*** Information supplied

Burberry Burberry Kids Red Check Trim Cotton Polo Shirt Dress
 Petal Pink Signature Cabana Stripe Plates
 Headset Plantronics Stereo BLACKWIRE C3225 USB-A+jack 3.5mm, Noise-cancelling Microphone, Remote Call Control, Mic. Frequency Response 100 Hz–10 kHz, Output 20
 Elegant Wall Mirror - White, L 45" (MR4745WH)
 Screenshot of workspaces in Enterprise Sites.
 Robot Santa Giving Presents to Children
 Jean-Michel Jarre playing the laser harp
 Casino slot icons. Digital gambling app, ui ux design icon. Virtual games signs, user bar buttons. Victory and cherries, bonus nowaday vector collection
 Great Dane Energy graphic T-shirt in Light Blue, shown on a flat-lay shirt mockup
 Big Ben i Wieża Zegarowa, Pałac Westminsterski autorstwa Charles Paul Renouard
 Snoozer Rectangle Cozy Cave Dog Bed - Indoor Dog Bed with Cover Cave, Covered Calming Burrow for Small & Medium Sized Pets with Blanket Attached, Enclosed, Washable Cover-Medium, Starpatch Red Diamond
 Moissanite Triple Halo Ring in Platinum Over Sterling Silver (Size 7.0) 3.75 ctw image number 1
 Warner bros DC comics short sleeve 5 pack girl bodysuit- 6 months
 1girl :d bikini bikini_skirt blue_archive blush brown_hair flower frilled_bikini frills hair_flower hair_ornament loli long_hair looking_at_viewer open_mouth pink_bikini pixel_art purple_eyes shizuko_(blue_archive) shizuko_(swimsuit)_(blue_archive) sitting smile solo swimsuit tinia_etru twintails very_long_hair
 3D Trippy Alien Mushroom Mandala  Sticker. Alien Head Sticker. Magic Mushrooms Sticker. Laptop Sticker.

******

*Brief*
Give back every line above, unchanged.

*Output of the exercise*
Burberry Burberry Kids Red Check Trim Cotton Polo Shirt Dress
 Petal Pink Signature Cabana Stripe Plates
 Headset Plantronics Stereo BLACKWIRE C3225 USB-A+jack 3.5mm, Noise-cancelling Microphone, Remote Call Control, Mic. Frequency Response 100 Hz–10 kHz, Output 20
 Elegant Wall Mirror - White, L 45" (MR4745WH)
 Screenshot of workspaces in Enterprise Sites.
 Robot Santa Giving Presents to Children
 Jean-Michel Jarre playing the laser harp
 Casino slot icons. Digital gambling app, ui ux design icon. Virtual games signs, user bar buttons. Victory and cherries, bonus nowaday vector collection
 Great Dane Energy graphic T-shirt in Light Blue, shown on a flat-lay shirt mockup
 Big Ben i Wieża Zegarowa, Pałac Westminsterski autorstwa Charles Paul Renouard
 Snoozer Rectangle Cozy Cave Dog Bed - Indoor Dog Bed with Cover Cave, Covered Calming Burrow for Small & Medium Sized Pets with Blanket Attached, Enclosed, Washable Cover-Medium, Starpatch Red Diamond
 Moissanite Triple Halo Ring in Platinum Over Sterling Silver (Size 7.0) 3.75 ctw image number 1
 Warner bros DC comics short sleeve 5 pack girl bodysuit- 6 months
 1girl :d bikini bikini_skirt blue_archive blush brown_hair flower frilled_bikini frills hair_flower hair_ornament loli long_hair looking_at_viewer open_mouth pink_bikini pixel_art purple_eyes shizuko_(blue_archive) shizuko_(swimsuit)_(blue_archive) sitting smile solo swimsuit tinia_etru twintails very_long_hair
 3D Trippy Alien Mushroom Mandala  Sticker. Alien Head Sticker. Magic Mushrooms Sticker. Laptop Sticker.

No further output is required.